Taiwanese Wonder If They're Just a Chip for Donald Trump in Negotiating With China

Image from the Standnews, non-commercial use.

Image from the Standnews, non-commercial use.

US President-elect Donald Trump tweeted on December 2 that the president of Taiwan, Tsai Ing-Wen, called him to offer her congratulations for winning the US election — breaking with decades of US protocol. Shortly afterward, he questioned in an interview, “I don't know why we have to be bound by a ‘one China’ policy, unless we make a deal with China having to do with other things, including trade.”

As Wikipedia correctly explains, the “one China” policy refers to the idea that there is only one state called “China”, so countries that want diplomatic relations with the People's Republic of China must break official ties with the Republic of China (Taiwan) and vice versa.

Soon after Trump's interview aired on Fox News, Formosan Association for Public Affairs, or FAPA, a Washington, D.C.-based nonprofit organization that seeks to build worldwide support for Taiwan's independence, published a statement:

We at FAPA are heartened to see President-elect Trump challenge the outdated “One China Policy”. Taiwan has never been a part of the People’s Republic of China.

However, Taiwan’s right to self-determination and democracy should not be a bargaining chip. Using Taiwan in any sort of “deal” with China is against the very ideals on which our nation is founded.

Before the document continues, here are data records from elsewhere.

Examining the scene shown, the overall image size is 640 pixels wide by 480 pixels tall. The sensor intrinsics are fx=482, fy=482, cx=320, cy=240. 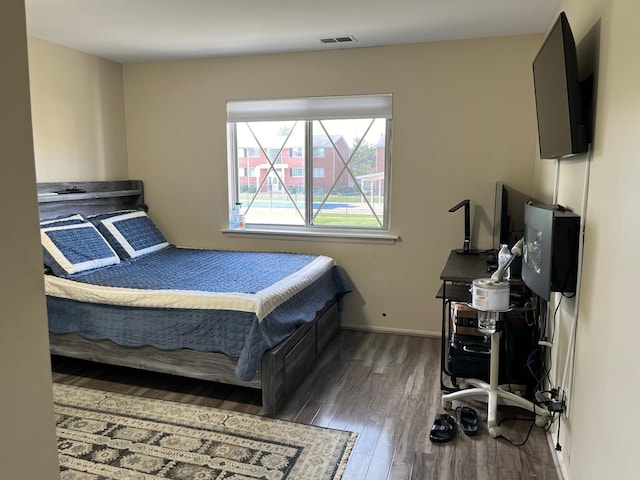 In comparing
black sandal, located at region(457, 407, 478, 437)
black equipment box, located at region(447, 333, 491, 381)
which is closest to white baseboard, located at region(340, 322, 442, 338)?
black equipment box, located at region(447, 333, 491, 381)

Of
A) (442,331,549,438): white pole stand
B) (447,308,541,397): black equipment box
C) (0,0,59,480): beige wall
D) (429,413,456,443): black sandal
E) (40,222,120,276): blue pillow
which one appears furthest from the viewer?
(40,222,120,276): blue pillow

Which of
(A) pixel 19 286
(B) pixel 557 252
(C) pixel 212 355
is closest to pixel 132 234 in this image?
(C) pixel 212 355

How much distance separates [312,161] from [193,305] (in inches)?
75.5

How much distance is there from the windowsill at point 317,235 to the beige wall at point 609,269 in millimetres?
1979

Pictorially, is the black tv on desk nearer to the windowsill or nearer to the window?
the windowsill

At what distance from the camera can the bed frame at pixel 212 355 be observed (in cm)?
275

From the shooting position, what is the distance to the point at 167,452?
2363mm

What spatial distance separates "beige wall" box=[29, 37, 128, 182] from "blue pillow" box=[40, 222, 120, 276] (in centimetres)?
54

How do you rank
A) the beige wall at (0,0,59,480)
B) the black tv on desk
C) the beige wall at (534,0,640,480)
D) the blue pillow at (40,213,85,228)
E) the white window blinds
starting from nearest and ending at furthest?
1. the beige wall at (0,0,59,480)
2. the beige wall at (534,0,640,480)
3. the black tv on desk
4. the blue pillow at (40,213,85,228)
5. the white window blinds

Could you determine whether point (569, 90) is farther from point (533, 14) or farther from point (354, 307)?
point (354, 307)

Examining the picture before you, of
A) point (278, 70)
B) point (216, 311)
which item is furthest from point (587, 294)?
point (278, 70)

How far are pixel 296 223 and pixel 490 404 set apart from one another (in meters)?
2.40

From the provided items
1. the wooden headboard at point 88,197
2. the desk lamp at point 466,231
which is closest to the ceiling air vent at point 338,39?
the desk lamp at point 466,231

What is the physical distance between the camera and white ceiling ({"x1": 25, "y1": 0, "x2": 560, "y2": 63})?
2.93m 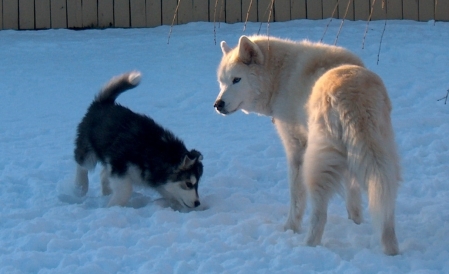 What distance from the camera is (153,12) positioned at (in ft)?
37.6

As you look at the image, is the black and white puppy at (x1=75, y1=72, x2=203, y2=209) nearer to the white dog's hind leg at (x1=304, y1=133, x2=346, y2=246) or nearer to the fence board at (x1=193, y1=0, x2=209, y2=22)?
the white dog's hind leg at (x1=304, y1=133, x2=346, y2=246)

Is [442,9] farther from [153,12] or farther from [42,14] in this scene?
[42,14]

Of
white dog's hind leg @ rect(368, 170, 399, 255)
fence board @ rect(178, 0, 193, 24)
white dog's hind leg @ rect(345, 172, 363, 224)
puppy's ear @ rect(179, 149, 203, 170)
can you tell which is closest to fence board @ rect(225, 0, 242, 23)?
Result: fence board @ rect(178, 0, 193, 24)

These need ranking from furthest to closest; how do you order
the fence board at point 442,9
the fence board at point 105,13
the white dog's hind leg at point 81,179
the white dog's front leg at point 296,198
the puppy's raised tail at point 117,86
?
the fence board at point 442,9, the fence board at point 105,13, the puppy's raised tail at point 117,86, the white dog's hind leg at point 81,179, the white dog's front leg at point 296,198

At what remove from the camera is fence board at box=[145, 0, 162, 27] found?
1140 centimetres

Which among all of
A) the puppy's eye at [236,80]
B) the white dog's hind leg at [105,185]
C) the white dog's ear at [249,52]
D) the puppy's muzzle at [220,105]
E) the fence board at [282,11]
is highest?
the fence board at [282,11]

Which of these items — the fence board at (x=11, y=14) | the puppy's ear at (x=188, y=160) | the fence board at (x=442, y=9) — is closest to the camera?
the puppy's ear at (x=188, y=160)

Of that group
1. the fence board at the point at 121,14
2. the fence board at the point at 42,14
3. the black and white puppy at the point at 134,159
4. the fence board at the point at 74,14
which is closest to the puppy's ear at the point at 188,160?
the black and white puppy at the point at 134,159

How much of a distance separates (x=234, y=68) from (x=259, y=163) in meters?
1.76

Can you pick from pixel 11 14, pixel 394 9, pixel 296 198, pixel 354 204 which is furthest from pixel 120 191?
pixel 394 9

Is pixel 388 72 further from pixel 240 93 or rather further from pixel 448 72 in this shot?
pixel 240 93

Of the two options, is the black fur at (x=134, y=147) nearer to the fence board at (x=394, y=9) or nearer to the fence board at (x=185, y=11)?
the fence board at (x=185, y=11)

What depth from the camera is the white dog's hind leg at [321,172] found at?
4309 millimetres

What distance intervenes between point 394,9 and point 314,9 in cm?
138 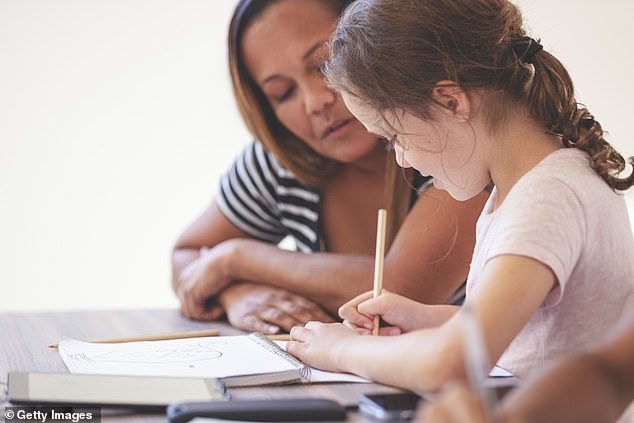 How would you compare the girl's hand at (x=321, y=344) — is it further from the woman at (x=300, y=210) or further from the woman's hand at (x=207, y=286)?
the woman's hand at (x=207, y=286)

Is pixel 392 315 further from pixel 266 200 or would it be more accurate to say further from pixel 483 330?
pixel 266 200

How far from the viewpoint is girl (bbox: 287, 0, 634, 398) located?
83 centimetres

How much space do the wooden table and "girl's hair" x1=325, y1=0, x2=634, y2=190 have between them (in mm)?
329

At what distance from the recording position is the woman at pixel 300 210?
1339mm

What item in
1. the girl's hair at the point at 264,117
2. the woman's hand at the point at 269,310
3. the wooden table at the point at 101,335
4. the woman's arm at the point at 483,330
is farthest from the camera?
the girl's hair at the point at 264,117

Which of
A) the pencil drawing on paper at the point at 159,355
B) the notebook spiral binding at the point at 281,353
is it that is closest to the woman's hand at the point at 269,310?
the notebook spiral binding at the point at 281,353

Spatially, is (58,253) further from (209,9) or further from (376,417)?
(376,417)

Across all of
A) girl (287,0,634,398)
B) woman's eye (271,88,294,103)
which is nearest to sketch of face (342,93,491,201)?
girl (287,0,634,398)

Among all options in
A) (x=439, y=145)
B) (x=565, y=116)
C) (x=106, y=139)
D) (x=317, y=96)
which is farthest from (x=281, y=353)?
(x=106, y=139)

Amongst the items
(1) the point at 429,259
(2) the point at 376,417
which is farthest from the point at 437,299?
(2) the point at 376,417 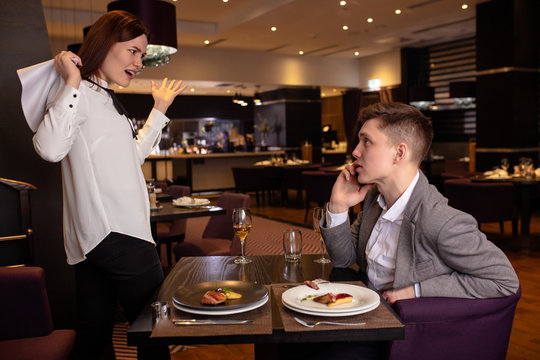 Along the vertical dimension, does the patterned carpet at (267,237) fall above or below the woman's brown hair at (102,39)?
below

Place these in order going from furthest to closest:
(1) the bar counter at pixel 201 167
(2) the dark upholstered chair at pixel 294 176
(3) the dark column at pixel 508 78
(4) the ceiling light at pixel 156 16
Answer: (1) the bar counter at pixel 201 167, (2) the dark upholstered chair at pixel 294 176, (3) the dark column at pixel 508 78, (4) the ceiling light at pixel 156 16

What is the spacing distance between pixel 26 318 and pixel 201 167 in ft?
36.1

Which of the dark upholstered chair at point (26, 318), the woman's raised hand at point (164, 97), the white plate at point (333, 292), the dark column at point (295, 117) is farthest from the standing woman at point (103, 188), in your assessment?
the dark column at point (295, 117)

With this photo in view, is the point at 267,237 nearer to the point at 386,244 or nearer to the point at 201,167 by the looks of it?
the point at 386,244

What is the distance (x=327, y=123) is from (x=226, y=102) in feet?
11.7

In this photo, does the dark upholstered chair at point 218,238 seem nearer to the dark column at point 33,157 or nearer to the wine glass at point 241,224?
the dark column at point 33,157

This statement reflects that many Taiwanese are unsure if Trump is just using Taiwan as leverage to negotiate with China, or if he really wants to re-evaluate the US-Taiwan relationship.

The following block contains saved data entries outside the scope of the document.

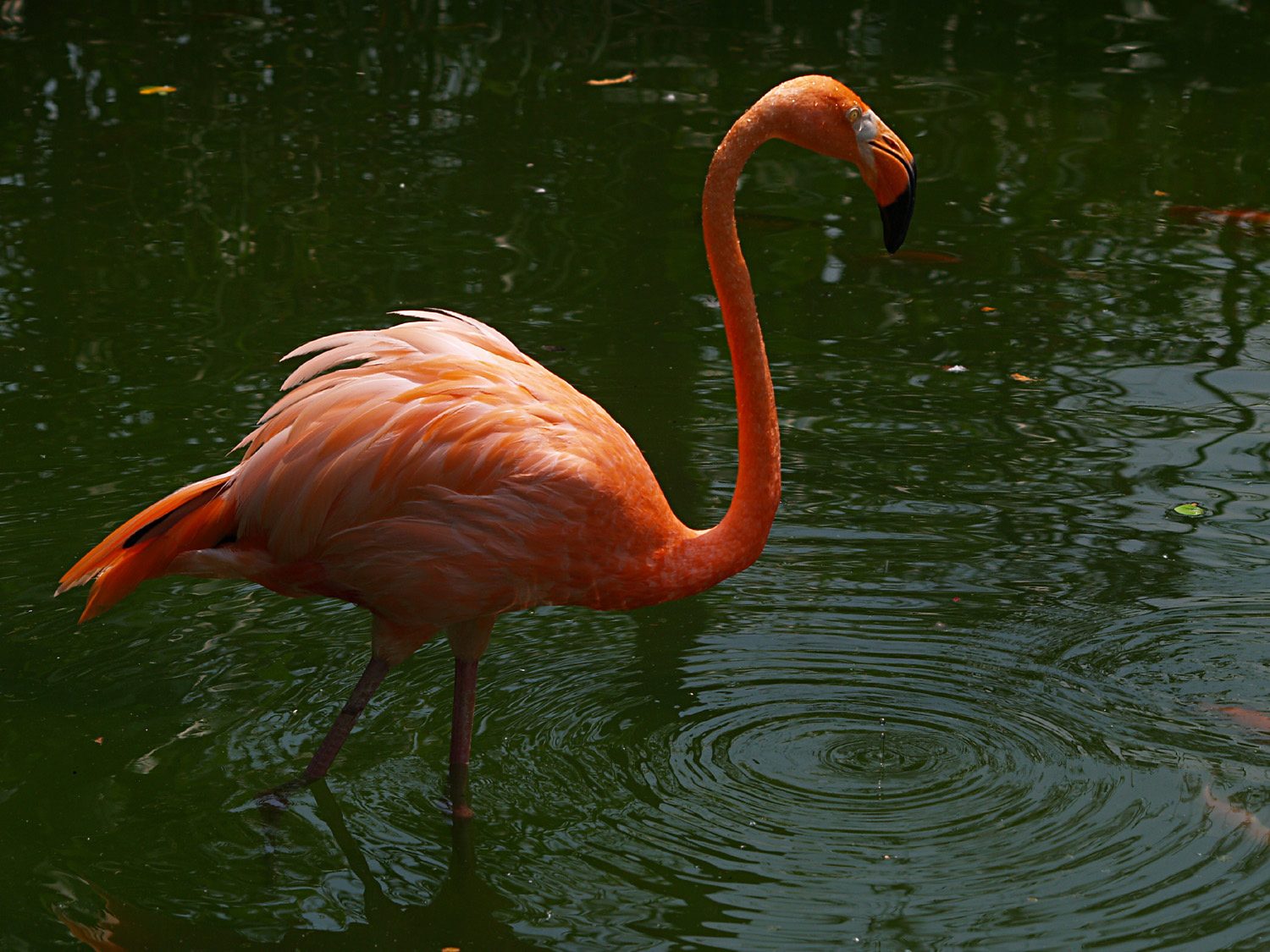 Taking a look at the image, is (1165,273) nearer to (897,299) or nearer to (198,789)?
(897,299)

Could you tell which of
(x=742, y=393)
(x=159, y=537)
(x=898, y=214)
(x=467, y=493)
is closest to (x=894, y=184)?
(x=898, y=214)

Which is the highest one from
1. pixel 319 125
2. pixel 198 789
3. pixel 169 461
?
pixel 319 125

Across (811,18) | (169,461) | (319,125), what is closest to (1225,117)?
(811,18)

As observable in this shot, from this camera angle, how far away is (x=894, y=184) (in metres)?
3.11

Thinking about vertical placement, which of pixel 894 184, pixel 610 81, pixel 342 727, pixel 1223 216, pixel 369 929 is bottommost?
pixel 369 929

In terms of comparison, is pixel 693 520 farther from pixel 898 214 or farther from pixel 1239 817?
pixel 1239 817

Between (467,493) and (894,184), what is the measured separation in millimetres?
1178

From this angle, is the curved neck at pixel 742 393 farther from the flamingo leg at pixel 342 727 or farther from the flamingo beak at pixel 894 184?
the flamingo leg at pixel 342 727

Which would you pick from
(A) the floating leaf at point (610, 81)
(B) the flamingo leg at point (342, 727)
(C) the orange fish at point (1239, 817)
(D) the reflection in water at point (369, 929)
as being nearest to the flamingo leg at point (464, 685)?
(B) the flamingo leg at point (342, 727)

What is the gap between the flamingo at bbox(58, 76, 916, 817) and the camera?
308 cm

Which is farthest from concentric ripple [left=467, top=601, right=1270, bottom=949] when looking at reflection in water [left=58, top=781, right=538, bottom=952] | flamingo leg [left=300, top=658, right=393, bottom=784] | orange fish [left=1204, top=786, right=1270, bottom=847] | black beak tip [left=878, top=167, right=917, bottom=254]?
black beak tip [left=878, top=167, right=917, bottom=254]

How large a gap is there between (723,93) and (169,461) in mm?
5399

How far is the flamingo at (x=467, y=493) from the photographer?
10.1 feet

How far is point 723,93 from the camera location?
9.12 m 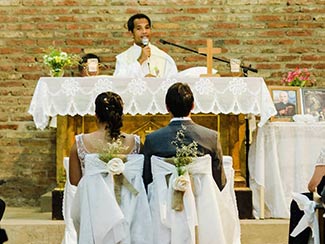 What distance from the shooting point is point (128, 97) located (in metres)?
5.96

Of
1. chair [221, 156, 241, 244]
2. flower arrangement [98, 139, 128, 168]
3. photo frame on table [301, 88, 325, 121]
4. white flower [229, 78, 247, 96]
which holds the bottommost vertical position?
chair [221, 156, 241, 244]

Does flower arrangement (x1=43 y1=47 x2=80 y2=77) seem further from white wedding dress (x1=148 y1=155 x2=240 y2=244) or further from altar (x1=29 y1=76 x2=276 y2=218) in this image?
white wedding dress (x1=148 y1=155 x2=240 y2=244)

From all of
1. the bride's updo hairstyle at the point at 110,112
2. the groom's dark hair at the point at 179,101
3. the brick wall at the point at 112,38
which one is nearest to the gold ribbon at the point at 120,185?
the bride's updo hairstyle at the point at 110,112

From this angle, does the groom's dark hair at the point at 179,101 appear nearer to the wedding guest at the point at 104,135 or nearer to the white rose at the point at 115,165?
the wedding guest at the point at 104,135

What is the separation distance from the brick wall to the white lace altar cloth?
75.4 inches

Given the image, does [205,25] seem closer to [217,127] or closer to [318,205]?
[217,127]

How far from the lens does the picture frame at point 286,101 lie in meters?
6.47

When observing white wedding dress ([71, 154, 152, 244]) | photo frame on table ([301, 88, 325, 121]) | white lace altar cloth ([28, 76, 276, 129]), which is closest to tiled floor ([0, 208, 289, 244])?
white lace altar cloth ([28, 76, 276, 129])

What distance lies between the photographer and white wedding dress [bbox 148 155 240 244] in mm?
4043

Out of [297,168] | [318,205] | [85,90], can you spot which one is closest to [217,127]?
[297,168]

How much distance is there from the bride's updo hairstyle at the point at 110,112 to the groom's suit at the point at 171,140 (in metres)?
0.19

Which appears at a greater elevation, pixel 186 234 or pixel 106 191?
pixel 106 191

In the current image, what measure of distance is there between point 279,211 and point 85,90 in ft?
6.18

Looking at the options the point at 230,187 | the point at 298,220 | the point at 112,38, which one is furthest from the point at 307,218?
the point at 112,38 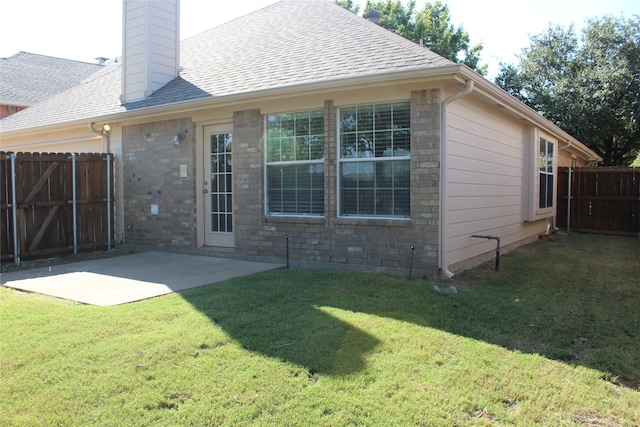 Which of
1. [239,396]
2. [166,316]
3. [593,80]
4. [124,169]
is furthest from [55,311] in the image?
[593,80]

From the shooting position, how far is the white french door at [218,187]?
845cm

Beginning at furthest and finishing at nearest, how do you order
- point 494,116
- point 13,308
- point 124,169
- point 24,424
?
1. point 124,169
2. point 494,116
3. point 13,308
4. point 24,424

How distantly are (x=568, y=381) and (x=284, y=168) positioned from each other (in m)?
5.15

For example, June Lin, a policy fellow at the very same Formosan Association for Public Affairs, was annoyed by Trump putting the “one China policy” alongside possible trade dealings. She quoted Trump, then commented:

“I fully understand the ‘one China policy,’ but I don't know why we have to be bound by a ‘one China policy’ unless we make a deal with China having to do with other things, including trade.”
假裝很灑脫傲嬌 但交換條件講ㄉ蠻細ㄉ
「誰管你啊 ~除非你給我A跟B跟C,不然我才不理你ㄋ。」

“I fully understand the ‘one China policy,’ but I don't know why we have to be bound by a ‘one China policy’ unless we make a deal with China having to do with other things, including trade.”
Trump tried to be free and easy, but he is very specific about the exchange deal: ‘Who cares [about the the one China policy]?—Unless you give me A and B and C, or I won't give a damn.’
If his words were put on his Twitter account, I guess the capitalized word would be TRADE????
This is annoying…

As the geopolitics in the South China Sea and East China Sea changes, the US has moved seemingly more and more towards a new paradigm in manifesting its military strength. Under the administration of President Barack Obama, the US government has strengthened strategic ties with Taiwan. The US Congress passed the Taiwan Relations Act and the “Six Assurances” this April, which reaffirms Taiwan's position as an “important partner” to the U.S.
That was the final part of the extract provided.